Reactions: Informative 1


----------



## Reformed Covenanter (Sep 7, 2019)

From what I am reading, there seems to have been a disagreement about the relationship of Christ to our election. William Twisse seemed to think that John Cotton was coming too close to certain Arminian errors on the subject. Francis Turretin, writing somewhat later, says that the Arminians and Lutherans held to the view that Christ was the cause of election rather than the good pleasure of God alone (_Institutes_, 1.14.1-19, 1: 350ff). Twisse also cites Thomas Aquinas against this view, but in Latin (I do seem to recall reading something in _Summa Theologica_ to the same effect). Of course, my reading of Twisse may be totally wrong.


----------



## Reformed Covenanter (Sep 8, 2019)

Here is an extract from the book, which seems to suggest that Cotton's view of reprobation was not high enough for Twisse:

If God’s purpose to condemn to death, be an act of justice vindicative; then also God’s purpose to remunerate with eternal life, is an act of justice remunerative: And if God’s purpose of condemnation presuppose sin, it follows, that God’s purpose of remunerating with eternal life must also presuppose obedience; even obedience of faith, repentance, and good works; for all these God doth remunerate with eternal life. Here appeareth the foul tail of _Arminianism,_ in the doctrine of Election, which this plausible doctrine of yours and of Master _Moulin's,_ in the point of Reprobation, draws after it.
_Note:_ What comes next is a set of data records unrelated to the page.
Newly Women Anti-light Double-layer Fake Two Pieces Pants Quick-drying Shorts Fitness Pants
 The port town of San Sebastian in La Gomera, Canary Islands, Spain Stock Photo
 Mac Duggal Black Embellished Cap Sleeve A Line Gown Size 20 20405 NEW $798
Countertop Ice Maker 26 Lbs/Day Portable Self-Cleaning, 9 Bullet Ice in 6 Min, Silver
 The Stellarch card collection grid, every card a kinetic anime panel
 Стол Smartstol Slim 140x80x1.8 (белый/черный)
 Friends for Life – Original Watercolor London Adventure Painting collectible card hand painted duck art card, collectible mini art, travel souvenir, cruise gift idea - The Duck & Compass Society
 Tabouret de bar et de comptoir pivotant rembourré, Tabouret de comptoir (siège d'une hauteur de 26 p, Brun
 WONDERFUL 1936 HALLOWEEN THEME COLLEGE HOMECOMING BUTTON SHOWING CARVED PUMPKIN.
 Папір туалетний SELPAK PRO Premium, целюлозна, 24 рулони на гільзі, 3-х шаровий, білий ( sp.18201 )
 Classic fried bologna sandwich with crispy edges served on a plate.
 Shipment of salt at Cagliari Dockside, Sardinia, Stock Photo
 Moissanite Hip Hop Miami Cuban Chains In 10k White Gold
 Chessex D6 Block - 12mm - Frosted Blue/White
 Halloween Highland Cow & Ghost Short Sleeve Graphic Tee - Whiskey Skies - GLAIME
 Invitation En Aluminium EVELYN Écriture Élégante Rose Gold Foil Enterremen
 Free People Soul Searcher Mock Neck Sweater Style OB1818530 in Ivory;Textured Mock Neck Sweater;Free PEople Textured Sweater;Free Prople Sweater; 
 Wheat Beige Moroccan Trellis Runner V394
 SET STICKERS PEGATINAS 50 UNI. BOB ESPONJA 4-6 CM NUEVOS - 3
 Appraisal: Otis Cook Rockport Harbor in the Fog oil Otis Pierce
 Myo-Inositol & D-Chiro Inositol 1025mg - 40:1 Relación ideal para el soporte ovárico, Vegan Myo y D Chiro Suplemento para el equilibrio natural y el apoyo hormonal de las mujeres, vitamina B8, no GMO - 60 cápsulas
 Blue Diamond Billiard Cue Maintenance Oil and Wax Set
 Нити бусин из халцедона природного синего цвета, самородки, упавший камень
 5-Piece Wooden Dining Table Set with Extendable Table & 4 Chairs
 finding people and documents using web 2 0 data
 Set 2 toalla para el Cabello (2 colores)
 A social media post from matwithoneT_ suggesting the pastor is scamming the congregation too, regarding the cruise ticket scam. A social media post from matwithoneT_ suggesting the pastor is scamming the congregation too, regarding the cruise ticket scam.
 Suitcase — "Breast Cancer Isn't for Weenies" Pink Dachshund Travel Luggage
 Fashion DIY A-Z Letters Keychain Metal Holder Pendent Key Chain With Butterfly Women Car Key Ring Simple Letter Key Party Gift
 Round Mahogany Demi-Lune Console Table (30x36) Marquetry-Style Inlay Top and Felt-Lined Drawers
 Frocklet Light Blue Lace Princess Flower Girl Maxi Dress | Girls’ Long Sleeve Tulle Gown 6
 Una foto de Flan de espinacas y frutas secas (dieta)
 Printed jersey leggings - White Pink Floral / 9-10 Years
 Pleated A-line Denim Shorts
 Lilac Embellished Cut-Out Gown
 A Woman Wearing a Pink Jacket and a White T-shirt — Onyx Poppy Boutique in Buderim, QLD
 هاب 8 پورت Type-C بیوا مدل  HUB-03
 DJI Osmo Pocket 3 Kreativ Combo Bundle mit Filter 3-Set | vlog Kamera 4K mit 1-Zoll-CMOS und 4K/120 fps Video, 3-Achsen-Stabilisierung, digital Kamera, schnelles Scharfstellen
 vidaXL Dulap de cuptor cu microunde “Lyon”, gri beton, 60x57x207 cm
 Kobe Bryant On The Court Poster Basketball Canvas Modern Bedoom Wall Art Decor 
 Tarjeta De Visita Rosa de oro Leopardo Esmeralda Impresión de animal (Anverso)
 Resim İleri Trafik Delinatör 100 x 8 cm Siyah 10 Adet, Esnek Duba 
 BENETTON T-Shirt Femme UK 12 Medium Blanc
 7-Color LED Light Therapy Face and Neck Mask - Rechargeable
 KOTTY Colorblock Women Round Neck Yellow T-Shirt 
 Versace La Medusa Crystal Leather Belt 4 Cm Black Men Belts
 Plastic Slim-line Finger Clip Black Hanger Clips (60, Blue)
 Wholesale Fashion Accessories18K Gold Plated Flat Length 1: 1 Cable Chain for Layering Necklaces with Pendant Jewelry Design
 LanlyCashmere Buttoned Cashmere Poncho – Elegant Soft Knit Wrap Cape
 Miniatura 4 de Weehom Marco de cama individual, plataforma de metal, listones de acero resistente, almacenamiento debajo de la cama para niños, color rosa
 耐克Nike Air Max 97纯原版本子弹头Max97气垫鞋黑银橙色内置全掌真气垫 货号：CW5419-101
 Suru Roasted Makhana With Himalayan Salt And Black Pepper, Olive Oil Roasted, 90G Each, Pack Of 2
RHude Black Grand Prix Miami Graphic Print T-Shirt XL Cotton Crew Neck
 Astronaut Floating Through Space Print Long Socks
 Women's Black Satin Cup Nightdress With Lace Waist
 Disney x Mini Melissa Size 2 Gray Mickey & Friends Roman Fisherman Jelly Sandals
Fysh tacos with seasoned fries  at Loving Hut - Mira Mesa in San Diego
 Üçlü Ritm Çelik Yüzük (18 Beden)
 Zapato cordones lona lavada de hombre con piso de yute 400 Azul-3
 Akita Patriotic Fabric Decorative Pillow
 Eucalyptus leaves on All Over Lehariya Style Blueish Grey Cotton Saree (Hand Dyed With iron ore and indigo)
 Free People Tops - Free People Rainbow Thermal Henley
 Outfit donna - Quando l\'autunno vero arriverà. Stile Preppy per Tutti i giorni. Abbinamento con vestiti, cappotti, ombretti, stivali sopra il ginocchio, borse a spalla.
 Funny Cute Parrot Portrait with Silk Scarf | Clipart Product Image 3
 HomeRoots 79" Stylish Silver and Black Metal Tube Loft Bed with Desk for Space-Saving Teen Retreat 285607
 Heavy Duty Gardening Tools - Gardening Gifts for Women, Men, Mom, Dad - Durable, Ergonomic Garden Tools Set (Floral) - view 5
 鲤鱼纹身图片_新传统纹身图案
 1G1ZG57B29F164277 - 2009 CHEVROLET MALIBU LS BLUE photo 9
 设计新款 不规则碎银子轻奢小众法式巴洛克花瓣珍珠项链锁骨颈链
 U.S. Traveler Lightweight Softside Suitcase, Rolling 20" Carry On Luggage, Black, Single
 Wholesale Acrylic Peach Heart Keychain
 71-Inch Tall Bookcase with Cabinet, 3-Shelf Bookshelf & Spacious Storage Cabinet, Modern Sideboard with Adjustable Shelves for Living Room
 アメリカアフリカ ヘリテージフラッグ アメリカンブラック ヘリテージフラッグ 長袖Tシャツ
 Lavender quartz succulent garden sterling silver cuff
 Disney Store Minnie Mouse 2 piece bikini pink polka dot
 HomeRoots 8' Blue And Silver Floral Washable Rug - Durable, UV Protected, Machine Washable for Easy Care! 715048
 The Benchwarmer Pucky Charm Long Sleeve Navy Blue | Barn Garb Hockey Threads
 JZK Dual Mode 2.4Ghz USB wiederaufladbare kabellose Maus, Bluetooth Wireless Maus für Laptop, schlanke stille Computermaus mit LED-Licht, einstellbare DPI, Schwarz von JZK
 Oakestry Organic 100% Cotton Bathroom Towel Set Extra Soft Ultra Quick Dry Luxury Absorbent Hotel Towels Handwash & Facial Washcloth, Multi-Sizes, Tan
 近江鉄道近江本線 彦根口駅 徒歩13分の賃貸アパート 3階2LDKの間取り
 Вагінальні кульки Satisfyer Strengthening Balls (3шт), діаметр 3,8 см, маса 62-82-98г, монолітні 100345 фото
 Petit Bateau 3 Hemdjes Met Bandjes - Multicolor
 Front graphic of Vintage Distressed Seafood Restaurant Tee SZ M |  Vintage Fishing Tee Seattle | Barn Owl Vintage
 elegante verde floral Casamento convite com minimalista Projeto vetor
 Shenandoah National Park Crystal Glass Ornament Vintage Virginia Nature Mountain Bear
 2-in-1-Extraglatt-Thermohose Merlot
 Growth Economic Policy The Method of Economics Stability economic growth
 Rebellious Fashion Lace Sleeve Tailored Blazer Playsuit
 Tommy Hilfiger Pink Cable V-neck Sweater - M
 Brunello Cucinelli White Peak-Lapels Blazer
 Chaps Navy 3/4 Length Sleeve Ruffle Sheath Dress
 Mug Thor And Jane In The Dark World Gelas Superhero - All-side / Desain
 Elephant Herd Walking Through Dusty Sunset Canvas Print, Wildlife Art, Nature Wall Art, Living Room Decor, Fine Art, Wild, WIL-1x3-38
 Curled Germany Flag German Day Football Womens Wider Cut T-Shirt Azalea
William Twisse, _A treatise of Mr. Cotton’s, Clearing certain doubts concerning predestination. Together with an examination thereof_ (London: Andrew Crook, 1646), p. 46.


----------



## Reformed Covenanter (Sep 8, 2019)

Twisse also appears to suggest that his opinions on the subject are not the majority Reformed view:

Perhaps you may say, Is not the contrariety between Election and Reprobation sufficiently maintained, by saying, the one is God's purpose ordaining to salvation; the other God's purpose ordaining to condemnation? I confess, it seems so, *and is generally reputed to be so*: and this I take to bee the principal cause of this error; one confusion drawing on more and more after it. But, I say, there is no congruous opposition between salvation and damnation; for, to damn is either finally to punish, or to adjudge to punishment.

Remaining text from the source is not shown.